What are your reasons for staying? I assume kids is one but is there anything specifically about her that makes you happy?


----------



## Joe80 (May 18, 2013)

I feel like 'family' is more important than 'marriage'. That may sound like an oxymoron to some but it makes sense to me. I've seen enough broken family's due to broken marriages in my life. I don't want my daughters to be in a broken family. 

I do have hope. There are enough positive features in her that I see potentially becoming more prominent in our marriage if I stick it out. I pray that it does grow into fruition.

Don't get me wrong, I do love her, but I have to try really hard to please her. My patience is what is running out.


----------



## Mavash. (Jan 26, 2012)

Nice'ing someone into behaving rationally never works.

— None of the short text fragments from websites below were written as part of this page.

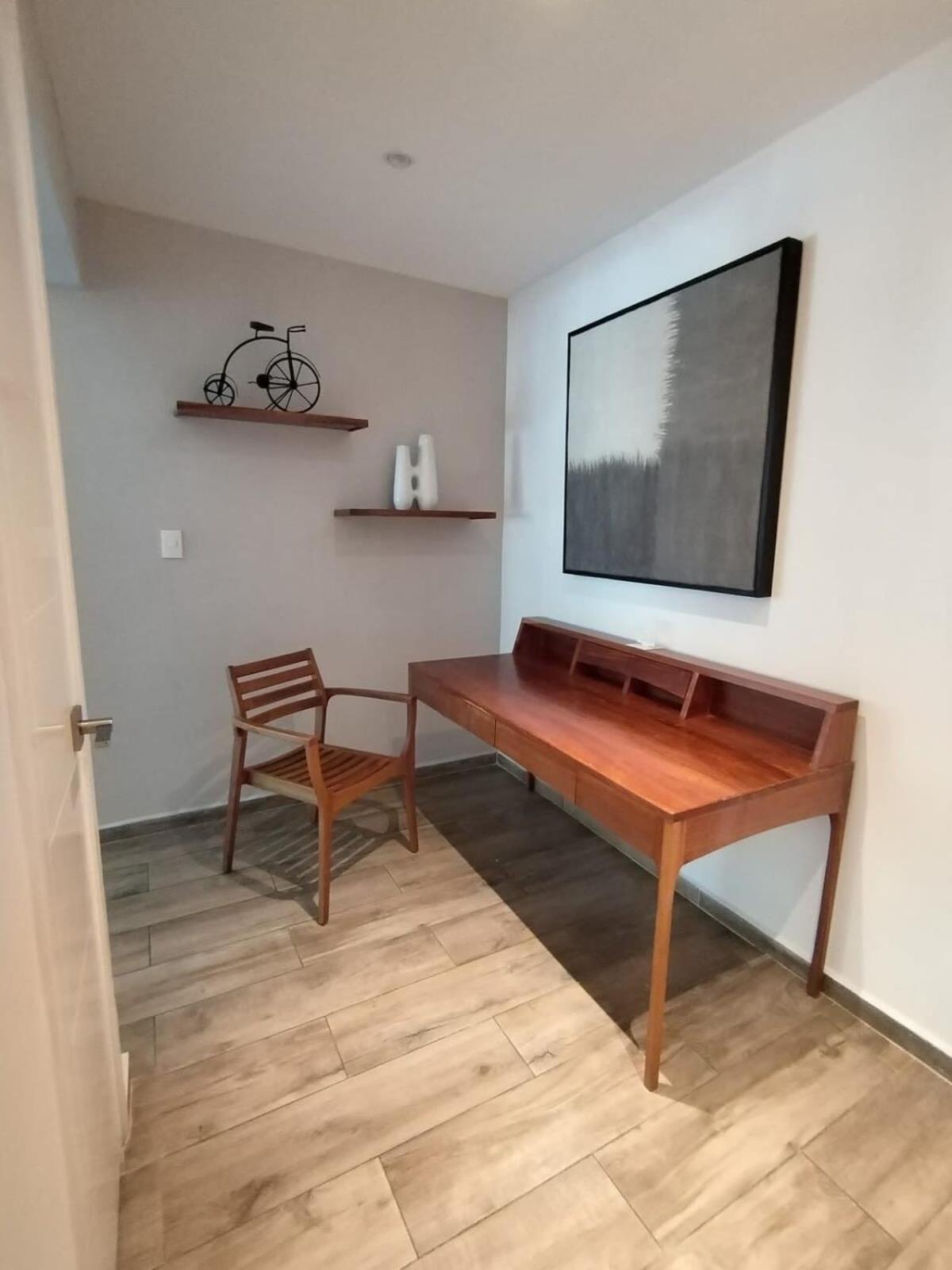 Arquimedes Patio I Luminous 1br In Polanco Apartamento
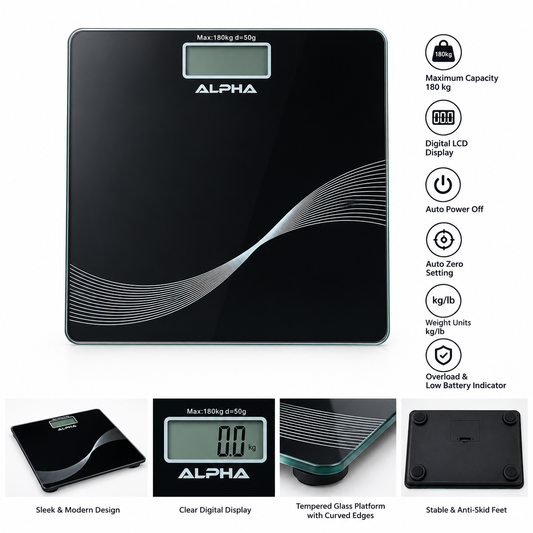Digital Weighing Scale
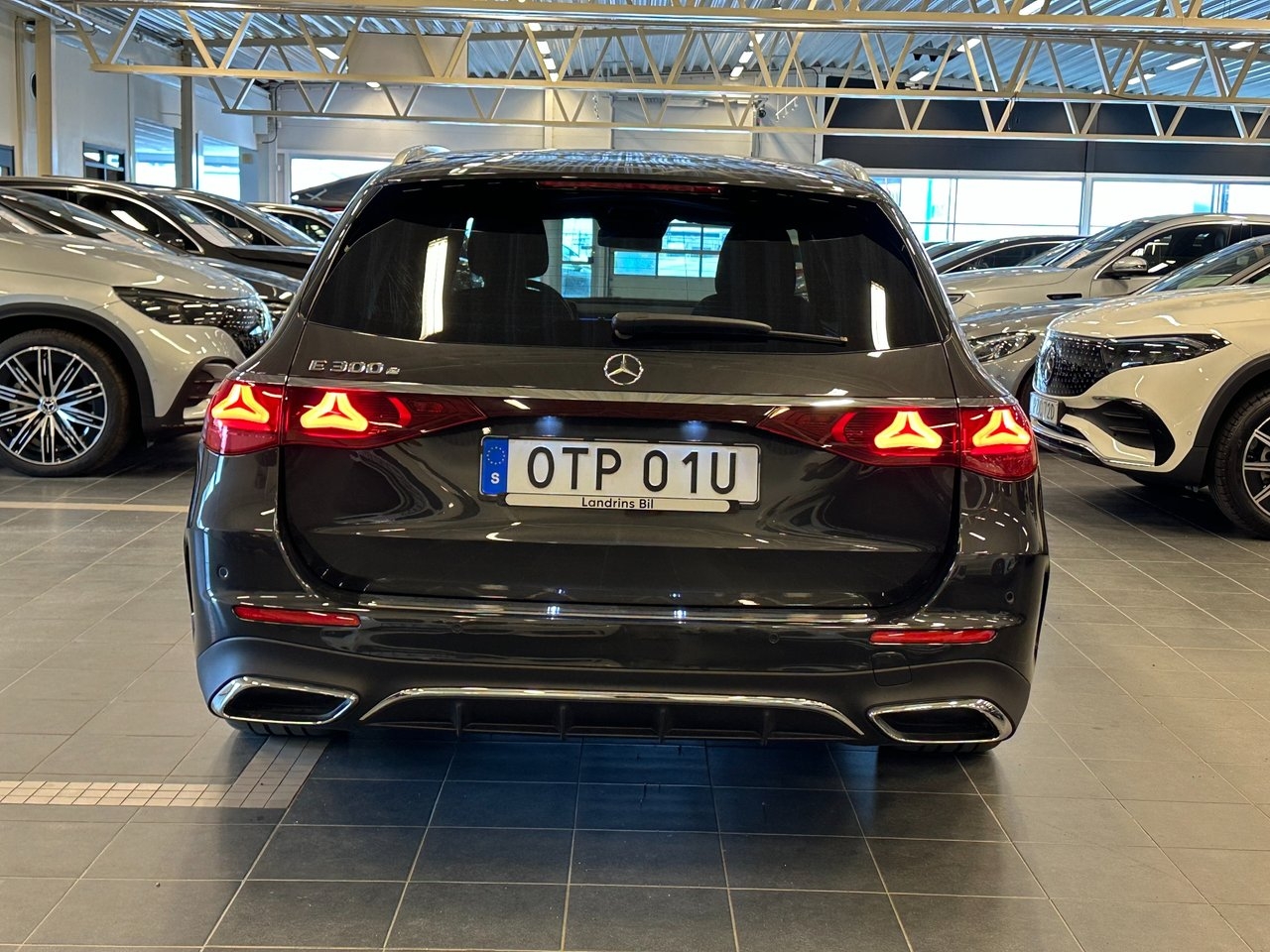 Mercedes-Benz E 2026, kuva 6/10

This woman 'hates' you and you think you can fix this by pleasing her?


----------



## Joe80 (May 18, 2013)

I'm "nice'ing" her to keep things at bay until I know what to do. Because I don't know what to do at this point. If I treat her like she treats me, our marriage would end quickly. And that is what I'm avoiding. I'm trying to tread it until I can attempt a different avenue at resurrecting this marriage.


----------



## yellowledbet (Sep 5, 2012)

Please don't take this as criticizing, I am just sharing my opinion and I am definitely not advocating you to leave. However, I think you need to rethink this statement "I feel like 'family' is more important than 'marriage'". Your marriage is the foundation of your family and the model for your children. You have to build that foundation to protect your family. In addition, the dynamic that you and your wife share is what your children will know as normal when they get married. 

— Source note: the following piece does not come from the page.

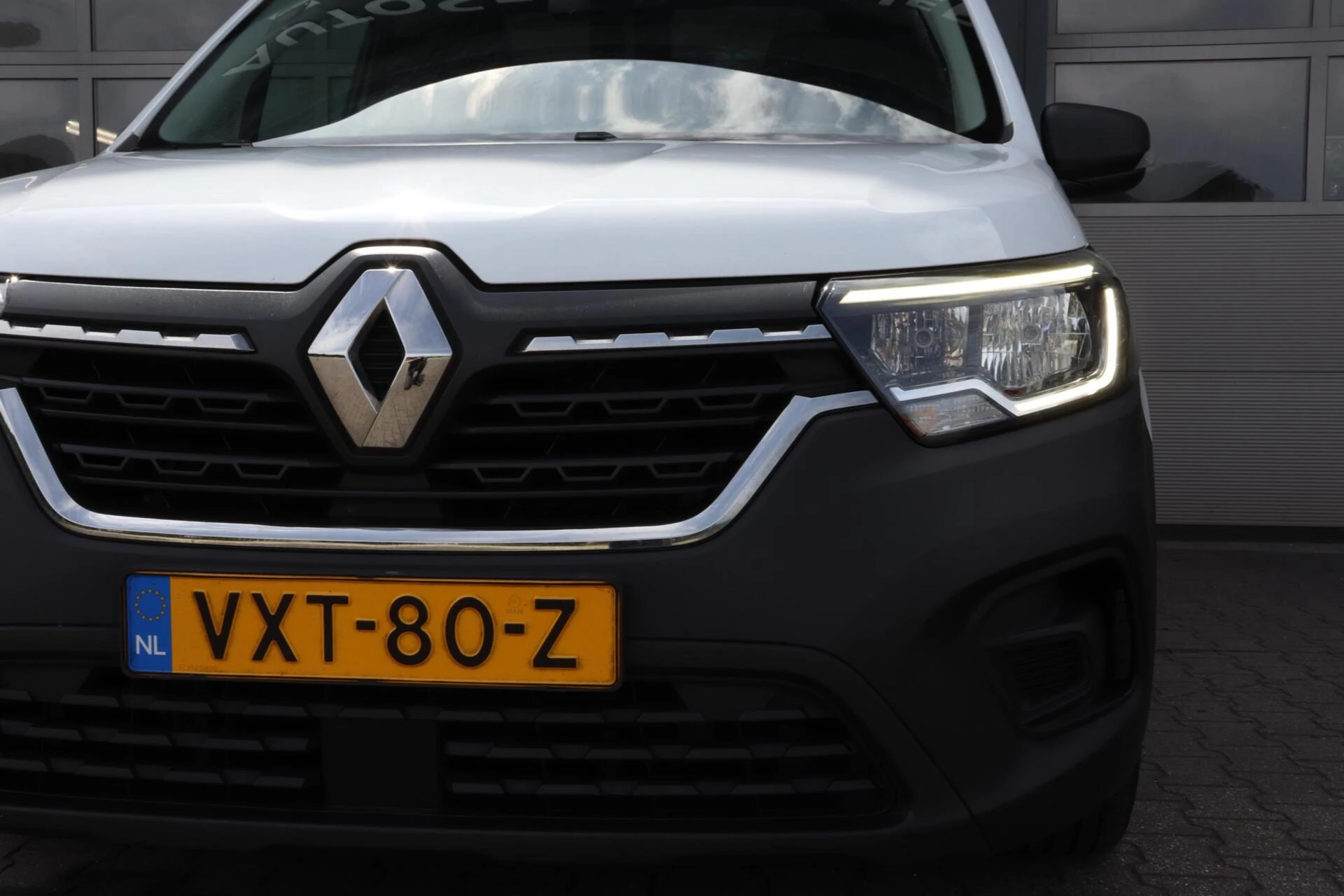 Hoofdafbeelding Renault Kangoo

If you want to protect your family, you first need to protect your marriage. That is going to take some serious communication between you and your wife. Whether it is through book learning, church, or counseling it is something that IMO needs to be your first priority.


----------



## Joe80 (May 18, 2013)

I don't mind your opinion Yello.. Deep down I know marriage is the foundation to a great family, but the surface level says otherwise. It is easier said than done. I've brought up counseling several times over the last 3-4 years, but she always avoids the conversation. Either She has a lot of pride and thinks she is better than counseling, or She has a trust issue with sharing personal matters with a third party.


----------



## yellowledbet (Sep 5, 2012)

What do you say when she says she won't go to counseling? I think you should say "I will let you know the day and time"


----------



## yellowledbet (Sep 5, 2012)

Also, I think you need to focus on not getting emotional in arguments right now. Matter of fact statements in a calm tone. Don't stoop to her level and don't give her any reason to escalate arguments. When it gets that bad have a canned line that gets you some space til things calm down.


----------



## Joe80 (May 18, 2013)

Sometimes I wish we were closer to a city. Being in the boonies doesn't give us the best access to counselors unless we drive an hour. Or, we risk our small community knowing everything about us.

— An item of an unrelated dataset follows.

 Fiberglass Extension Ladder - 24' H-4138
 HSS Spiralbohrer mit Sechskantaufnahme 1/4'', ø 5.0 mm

It is challenging to not get emotional when the wife immediately gets emotional. 

Obviously part of her makeup is her upbringing. Legalistic-christian upbringing, with a drunkard-father. Then having a hyper-emotional mom on top of it adds to the equation. Things she recognizes as problems, but yet ignores any kind of treatment/paths to improvement. 

Much of which we discussed during our dating period. She was very optimistic about seeking help and improving on her weaknesses. But years later, just ignores it now.


----------



## SouthernMiss (Apr 25, 2013)

I know it's a drive, but if you really value your family unit...you will get that counseling.

Your wife sounds extremely embittered. I grew up in a legalistic, "Christian" environment with a drunk father and an emotional mother...like your wife. It doesn't have to be this way.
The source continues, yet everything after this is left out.